We left Bexley inspired for all things Jewish and Sukkot-like. This motivated me to bite the bullet and carve our pumpkins. We scooped out all the goop and seeds

with the help of 8 litle hands. After carving the faces in our jack-o-lanterns, I roasted the seeds wtih a gluten free Moroccan spice blend. The whole house smelled amazing and the kids snacked all night on the finished product. This is why I love Fall above and beyond all the other seasons combined.

Enjoy this recipe for Moroccan Spiced Roasted Pumpkin Seeds

Preheat oven to 350 degrees


Pumpkin seeds rinsed of all goop and pulp

spice blend is:

1 cup light brown sugar
2 TBS coarse ground sea salt
1 tsp ground cumin
t tsp ground ginger
1/2 tsp cayenne pepper
1/2 tsp ground cloves
2 TBS ground cinnamon
Mix all dry spices together in shallow dish
1/2 stick melted butter-
or butter flavored Pam for weight watchers version)
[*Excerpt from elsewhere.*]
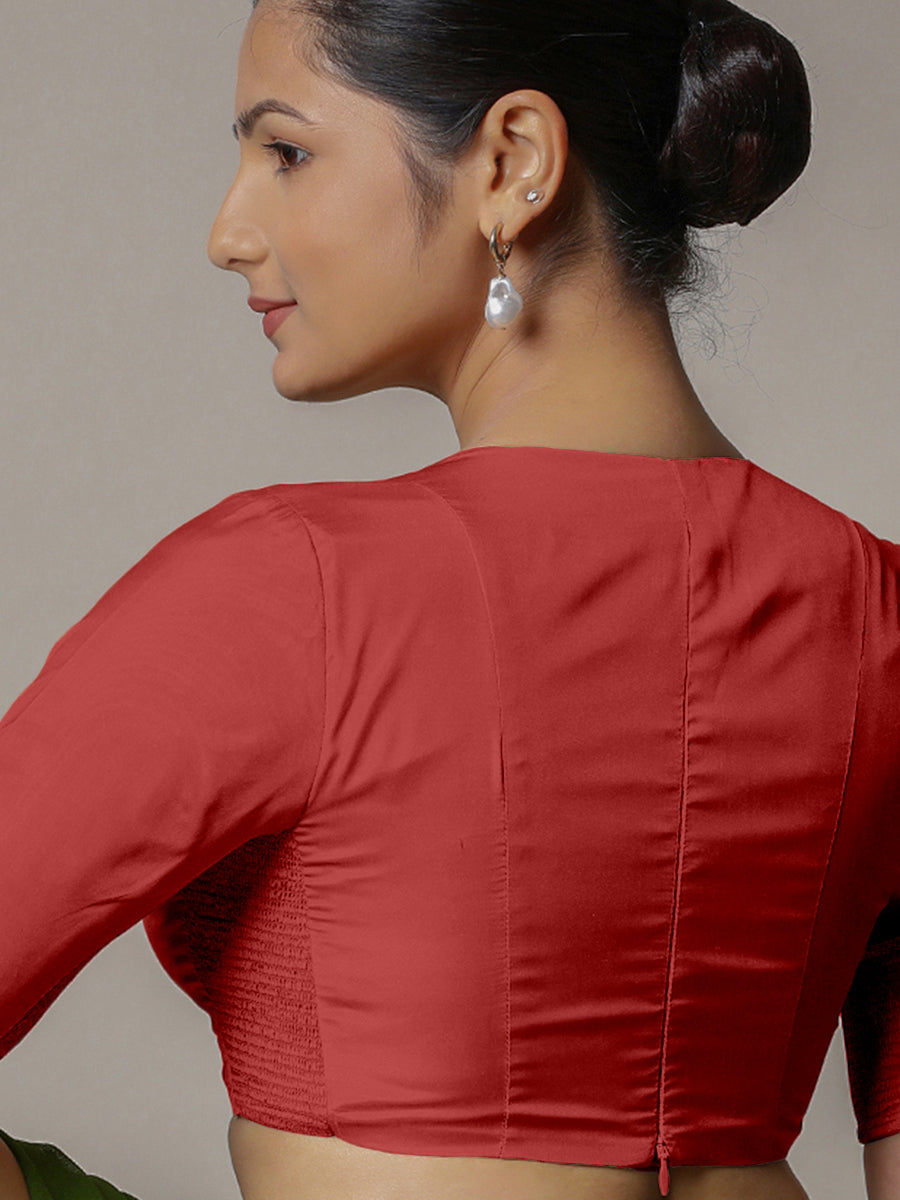 Zeenat x Rozaana Saree Blouse, in Red Vegan Silk, featuring elbow sleeves and v-neckline, made for party & festive (view 2).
Line cookie sheet with parchment paper and place one layer of seeds evenly on pan. Drizzle with melted butter or spray with Pam to moisten seeds so that the spice rub will adhere nicely. Sprinkle the spices all over seeds until dusted completely. Bake at 350 degreesuntil bubbly and golden brown all over. Turn off oven but leave the sheet on rack until the seeds have hardened with the coating and cooled completely. Break up the seeds by hand and store in an airtight container. These are great eaten plain but are also a snazzy topping over yogurt, salads or hummus.

Happy Sukkot and Shalom to Special Sundays with friends and family.

1 comment:

FrenznickFive said...

yummo-o! I am going to try this out when we carve our pumpkins! Thanks for sharing!